Bank Dunia Kritik Kinerja Penerimaan Pajak Indonesia, Luhut: Disamakan dengan Nigeria
Pajak.com, Jakarta – Ketua Dewan Ekonomi Nasional (DEN) Luhut Binsar Pandjaitan menyampaikan curahan hati terkait kritik pedas Bank Dunia terhadap kinerja penerimaan pajak Indonesia. Menurutnya, dalam sebuah briefing bersama Bank Dunia, Indonesia disebut sebagai salah satu negara dengan pengelolaan penerimaan pajak yang kurang baik, bahkan disandingkan dengan Nigeria.
“Kami sebenarnya ter-trigger karena briefing kami dengan World Bank. Jadi World Bank itu mengkritik kita bahwa kita salah satu negara yang collect pajak tidak baik. Kita disamakan dengan Nigeria,” ujar Luhut dalam konferensi pers, di Jakarta, Kamis (9/1/2025).
Menurut Luhut, penerimaan pajak yang tidak maksimal menjadi masalah yang harus segera dibenahi. Oleh karena itu, pihaknya mendukung penuh program core tax system yang tengah dijalankan oleh Direktorat Jenderal Pajak (DJP) Kementerian Keuangan (Kemenkeu) sebagai langkah untuk meningkatkan pengelolaan pajak.
“Kalau kita lakukan dengan baik dan semua sepakat, jangan berkelahi, jangan terus kritik-kritikkan dulu. Biarkan jalan dulu, nanti ya berikan kritik kamu,” tegasnya.
Ia mengimbau berbagai pihak untuk mendukung upaya perbaikan penerimaan pajak, alih-alih saling mengkritik. “Karena ini banyak masalah yang harus diselesaikan,” tambah Luhut.
Sebelumnya, Presiden Prabowo Subianto mengadakan pertemuan dengan DEN di Istana Merdeka, Jakarta, untuk membahas berbagai tantangan dalam penerimaan pajak pada Rabu (8/1/2025) kemarin. Dalam pertemuan tersebut, Wakil Ketua DEN Mari Elka Pangestu, mengungkapkan hasil studi Bank Dunia yang menunjukkan adanya tax gap di Indonesia sebesar 6,4 persen dari Produk Domestik Bruto (PDB).
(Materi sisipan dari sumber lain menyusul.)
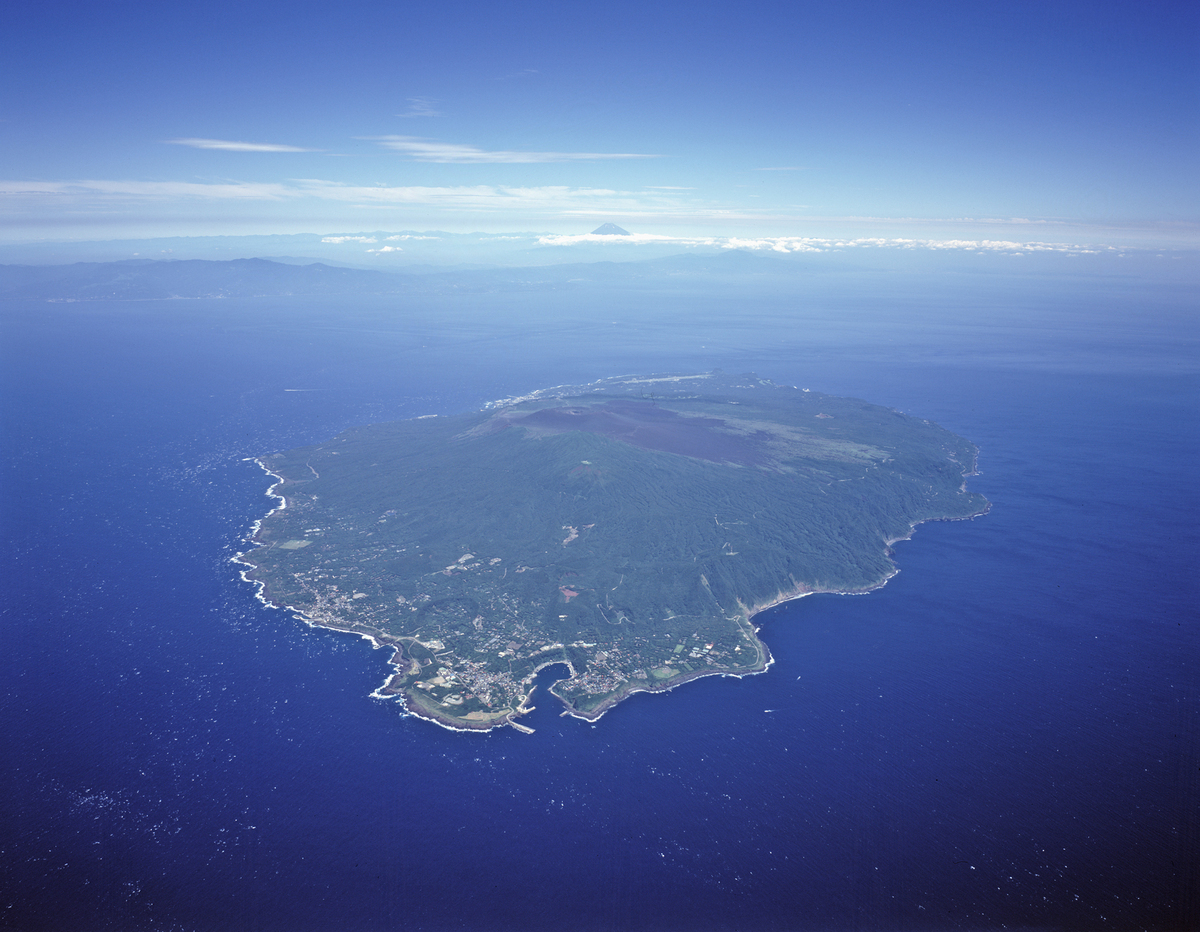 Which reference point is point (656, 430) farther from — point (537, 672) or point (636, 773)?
point (636, 773)

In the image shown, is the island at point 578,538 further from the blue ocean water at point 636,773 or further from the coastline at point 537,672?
the blue ocean water at point 636,773

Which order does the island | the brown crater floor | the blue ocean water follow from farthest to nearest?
the brown crater floor → the island → the blue ocean water

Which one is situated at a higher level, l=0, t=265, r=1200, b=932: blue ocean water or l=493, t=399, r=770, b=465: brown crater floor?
l=493, t=399, r=770, b=465: brown crater floor

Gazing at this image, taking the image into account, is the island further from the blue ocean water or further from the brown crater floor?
the blue ocean water

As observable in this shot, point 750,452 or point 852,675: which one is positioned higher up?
point 750,452

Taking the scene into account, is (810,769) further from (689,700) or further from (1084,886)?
(1084,886)

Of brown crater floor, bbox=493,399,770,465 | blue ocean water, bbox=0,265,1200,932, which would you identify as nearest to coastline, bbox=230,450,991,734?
blue ocean water, bbox=0,265,1200,932

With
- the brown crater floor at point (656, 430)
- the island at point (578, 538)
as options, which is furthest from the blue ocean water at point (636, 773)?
the brown crater floor at point (656, 430)

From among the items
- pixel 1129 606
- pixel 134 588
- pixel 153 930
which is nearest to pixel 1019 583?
pixel 1129 606

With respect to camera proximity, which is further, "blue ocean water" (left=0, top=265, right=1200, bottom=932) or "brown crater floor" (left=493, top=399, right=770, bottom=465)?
"brown crater floor" (left=493, top=399, right=770, bottom=465) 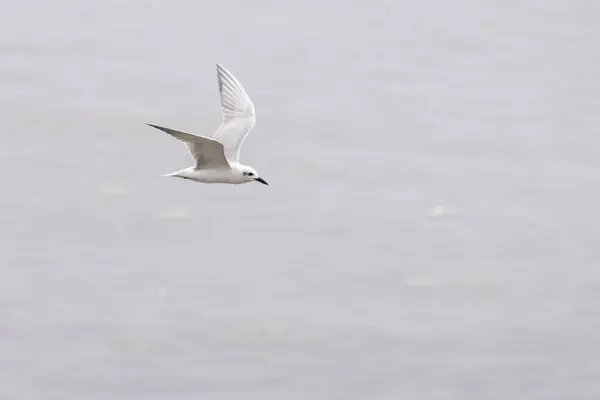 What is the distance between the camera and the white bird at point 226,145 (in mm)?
6641

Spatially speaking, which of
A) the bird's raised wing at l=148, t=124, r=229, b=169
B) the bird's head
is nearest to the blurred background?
the bird's head

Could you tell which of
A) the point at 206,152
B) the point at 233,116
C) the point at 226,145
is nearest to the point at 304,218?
the point at 233,116

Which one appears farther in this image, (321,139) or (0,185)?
(321,139)

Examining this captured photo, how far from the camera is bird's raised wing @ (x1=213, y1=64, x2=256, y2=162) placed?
7379 mm

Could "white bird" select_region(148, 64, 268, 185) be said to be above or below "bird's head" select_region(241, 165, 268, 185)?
above

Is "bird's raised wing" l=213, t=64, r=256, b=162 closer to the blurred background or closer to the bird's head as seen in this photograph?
the bird's head

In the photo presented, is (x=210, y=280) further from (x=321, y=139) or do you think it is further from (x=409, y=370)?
(x=321, y=139)

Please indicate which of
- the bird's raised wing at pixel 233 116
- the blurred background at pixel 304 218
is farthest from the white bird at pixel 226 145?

Angka ini setara dengan potensi penerimaan pajak Rp1.500 triliun yang belum tergali sepenuhnya.
Tax gap sendiri merujuk pada selisih antara penerimaan pajak aktual pemerintah dengan potensi penerimaan pajak yang seharusnya dapat dicapai. Berdasarkan penjelasan Mari Elka, dari total tax gap tersebut, 3,7 persen disebabkan oleh rendahnya tingkat kepatuhan Wajib Pajak, sedangkan 2,7 persen berasal dari kebijakan perpajakan, seperti insentif pajak dan kebijakan pajak yang ditanggung oleh pemerintah.
“Yang paling penting adalah program digitalisasi karena itulah yang akan bisa memperbaiki administrasi pajak maupun mengurangi penghindaran pajak, dan meningkatkan kepatuhan, sebelum kita bicara mengenai perubahan-perubahan kebijakan,” ujar Mari Elka.
Sebagai langkah strategis, pemerintah telah memulai modernisasi sistem perpajakan dengan memperkenalkan program core tax. Program ini bertujuan untuk meningkatkan efisiensi administrasi perpajakan secara digital sekaligus mendukung kepatuhan Wajib Pajak.
Mulai 1 Januari 2025, core tax akan memungkinkan Wajib Pajak untuk mendaftarkan diri, melakukan pembayaran pajak secara elektronik, hingga melaporkan Surat Pemberitahuan (SPT) tahunan atau bulanan, dimulai dari Pajak Pertambahan Nilai (PPN). “Core tax untuk memperbaiki collection pajak, data itu perlu juga dikaitkan dengan digital ID siapa itu pembayar pajaknya dan data-data lain yang bisa membantu profiling dari Wajib Pajak itu,” jelas Mari Elka.
Dalam pertemuan tersebut, Presiden Prabowo juga menyetujui pembentukan Komite Percepatan Transformasi Digital untuk memastikan implementasi tiga elemen penting, yaitu digital ID, digital payment, dan data exchange, yang diharapkan mampu mempercepat reformasi perpajakan di Indonesia.